JPS595230B2 - Vapor reflux device - Google Patents

Description

DETAILED DESCRIPTION OF THE INVENTION The present invention relates to an apparatus for recovering evaporated gasoline (paper) from a storage tank installed at a gas station or the like and returning only the gasoline to the storage tank.

Gasoline naturally evaporates from the storage tank and is constantly released into the atmosphere.

Not only is vaporized gasoline, or paper, a waste of resources, but the hydrocarbons in paper are thought to contribute to photochemical smog.

Therefore, collecting paper is very beneficial in terms of both effective use of resources and prevention of pollution.

In particular, when refilling gasoline from a tank truck to a storage tank, a large amount of paper is released, including what had accumulated in the tank, so the effect will be even more noticeable if paper is completely recovered during refueling. become.

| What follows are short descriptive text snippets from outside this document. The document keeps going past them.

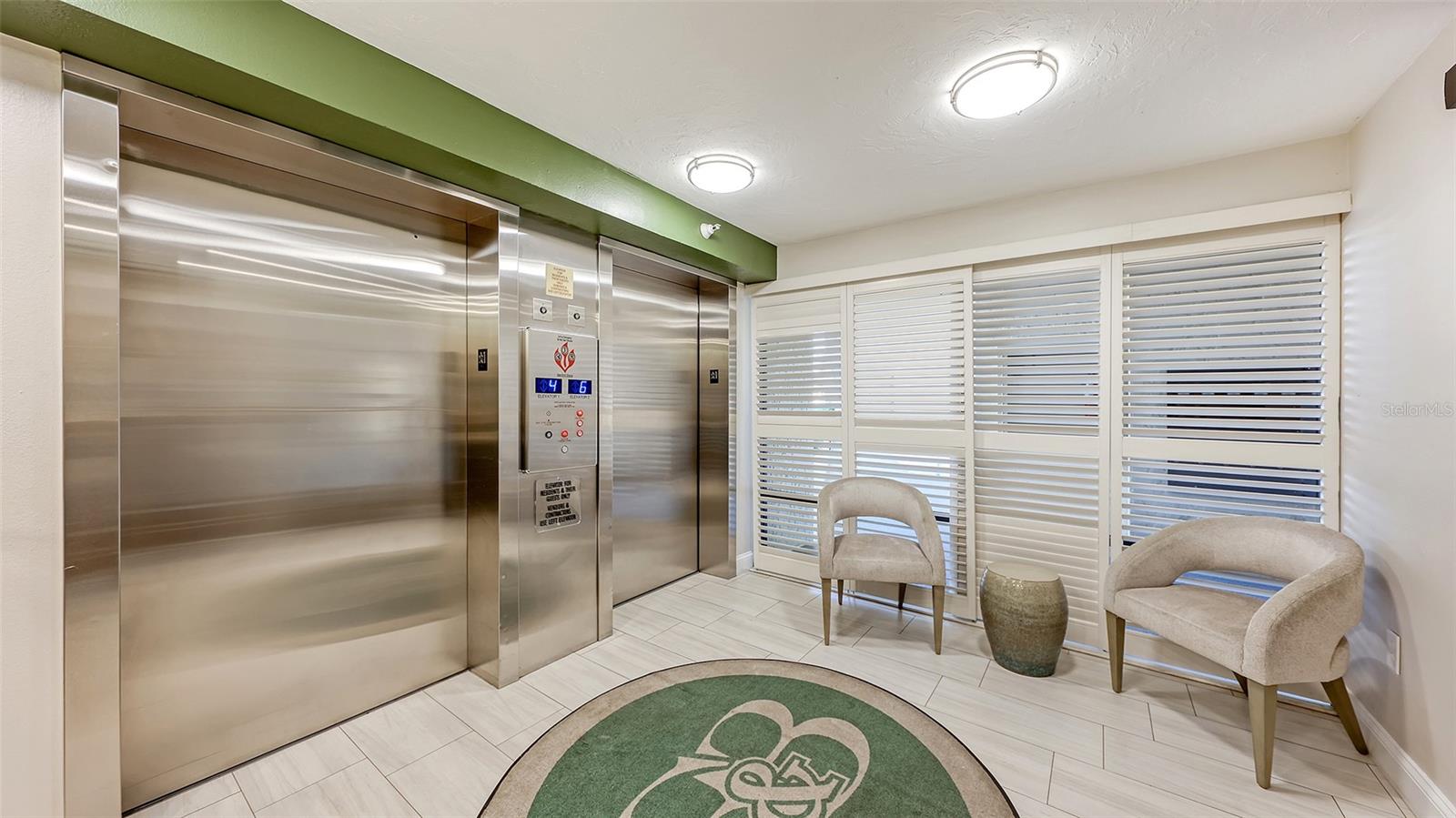 GULF & BAY CLUB PH 3 - Residential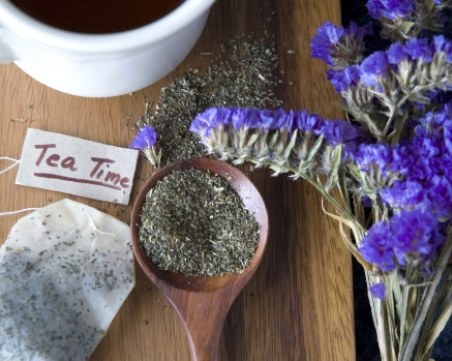 Как сами да си направим микс от насипни чайове?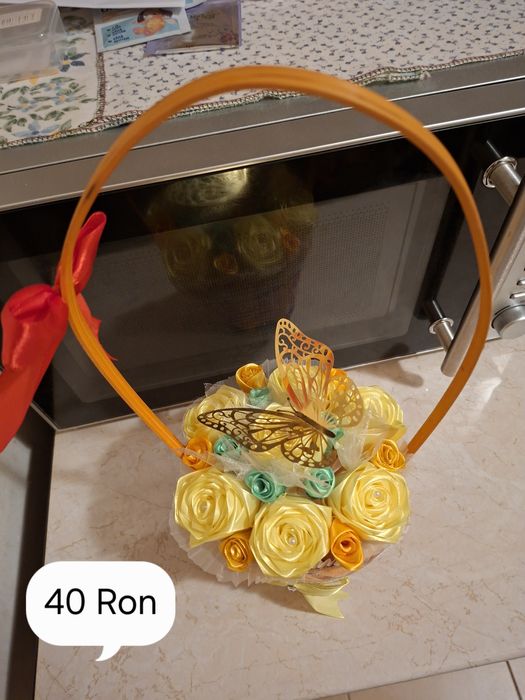 Coșuri cu trandafiri din satin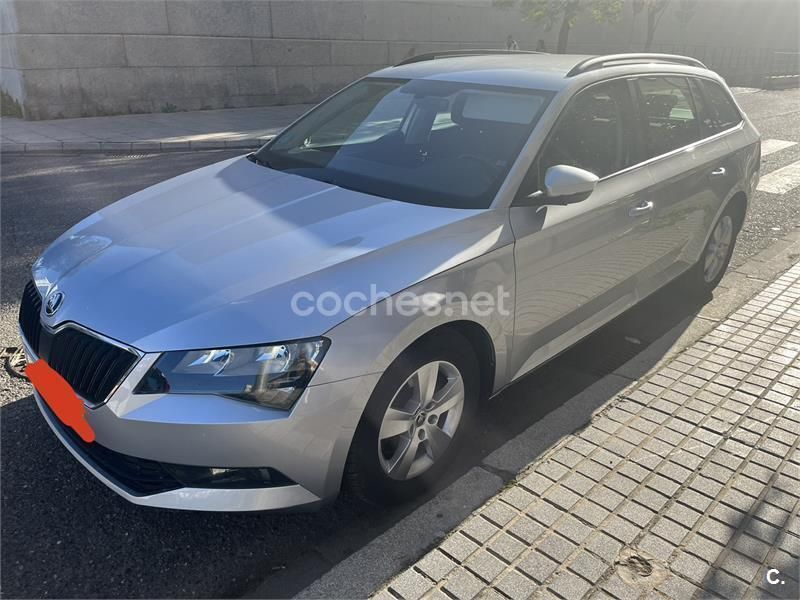 Usado Skoda Superb Ambition 150 CV (110 kW) 2019 Gris / plata Familiar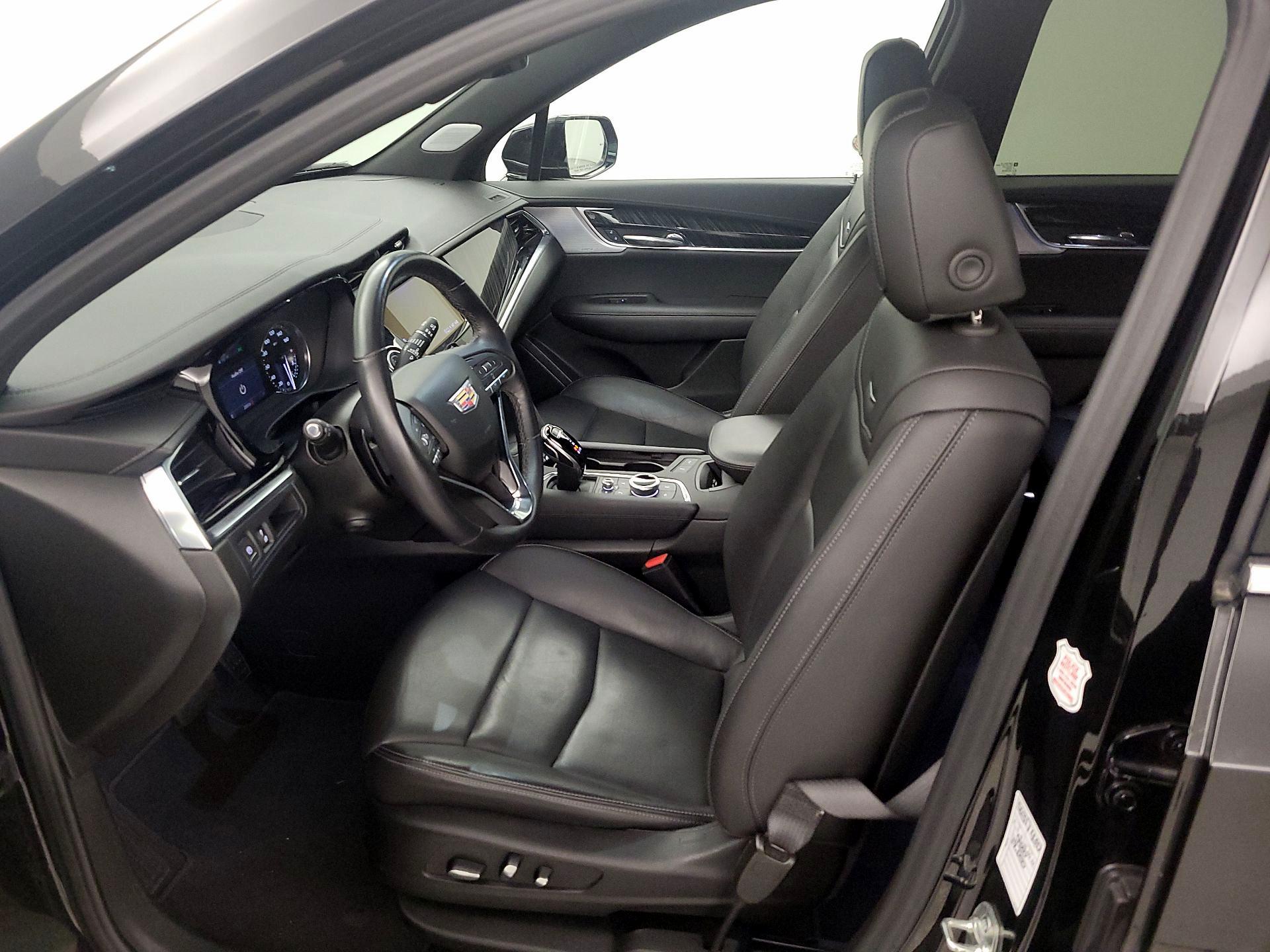 Thumbnail: 2025 Cadillac XT6 - 11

In view of the above-mentioned points, an object of the present invention is to provide a paper reflux device that can reliably recover paper as liquid gasoline not only during normal times but also at specific times such as during refueling.

The gist of the invention to achieve the above object is that a recovery circuit for evaporated gasoline generated from a storage tank includes a first cooler for moisture removal, a second cooler for gasoline separation, and a second cooler for separating gasoline at a specific time. The third cooler is provided to cool the gas after it has been cooled by the cooler.

The present invention will be described in detail below with reference to the accompanying drawings.

In Figure 1, 1 is a primary cooler that introduces and cools the paper generated in the storage tank, 2 is a secondary cooler, and the primary cooler 1 is for removing moisture. Set the temperature to about -5℃.

Further, the secondary cooler 2 is used to cool the gas separated into water droplets in the first gas-liquid separator 3 after water removal in the primary cooler 1 and return it to liquid gasoline, and the cooling temperature is 12
Set the temperature below 5℃.

4 is a second gas-liquid separation section that separates liquid gasoline and air; 5 is a three-way valve; 6 is a cooling regenerator; 7 is a third gas-liquid separation section; It is inserted into an air flow pipe 8 that communicates with the air outlet of the gas-liquid separation section 4, one outlet of which communicates with the atmosphere, and the other outlet of which is connected to the paper tube of the cooling regenerator 6.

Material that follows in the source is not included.